▶ EXERCISE:
Pictures stay out. Everything else in the listing below gets written out exactly.
*** EXERCISE MATERIAL Section Begins ***
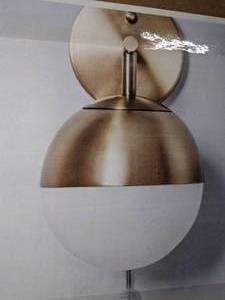 lot 64 image: Project 62 Brass Finish Wall Light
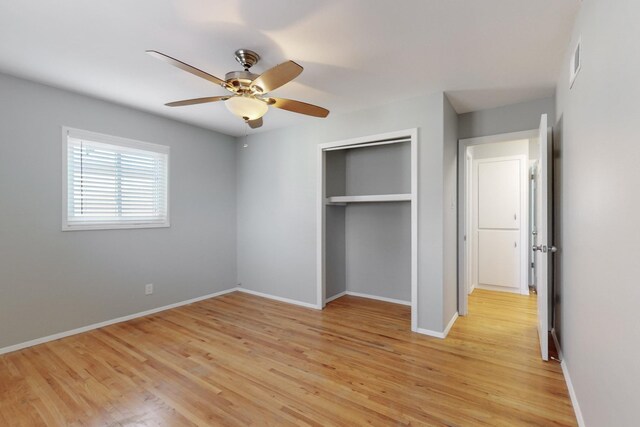 unfurnished bedroom featuring a closet, baseboards, light wood-style floors, and visible vents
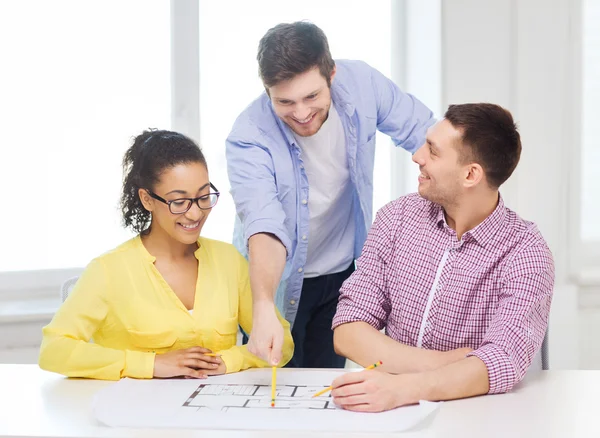 Three smiling architects working in office — Stock Photo, Image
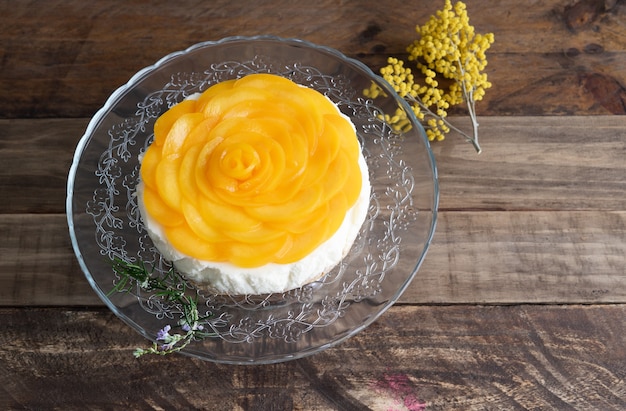 Tarta de queso con decoración de melocotones y flores amarillas sobre fondo de madera. Copie el espacio.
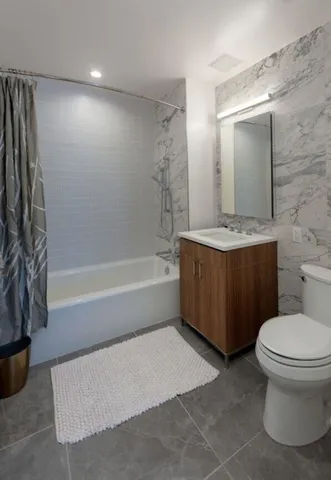 a bathroom with a toilet a sink and bathtub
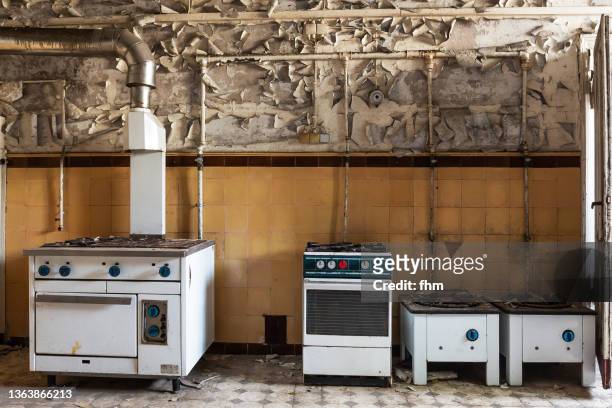 old kitchen in an abandoned building - broken appliance stock-fotos und bilder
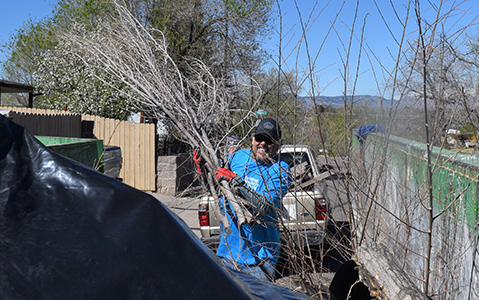 Extreme Community Makeover volunteer loading debris into a Dumpsters.com dumpster.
*** EXERCISE MATERIAL Section Ends ***
▶ EXPECTED ANSWER:
 lot 64 image: Project 62 Brass Finish Wall Light
 unfurnished bedroom featuring a closet, baseboards, light wood-style floors, and visible vents
 Three smiling architects working in office — Stock Photo, Image
 Tarta de queso con decoración de melocotones y flores amarillas sobre fondo de madera. Copie el espacio.
 a bathroom with a toilet a sink and bathtub
 old kitchen in an abandoned building - broken appliance stock-fotos und bilder
 Extreme Community Makeover volunteer loading debris into a Dumpsters.com dumpster.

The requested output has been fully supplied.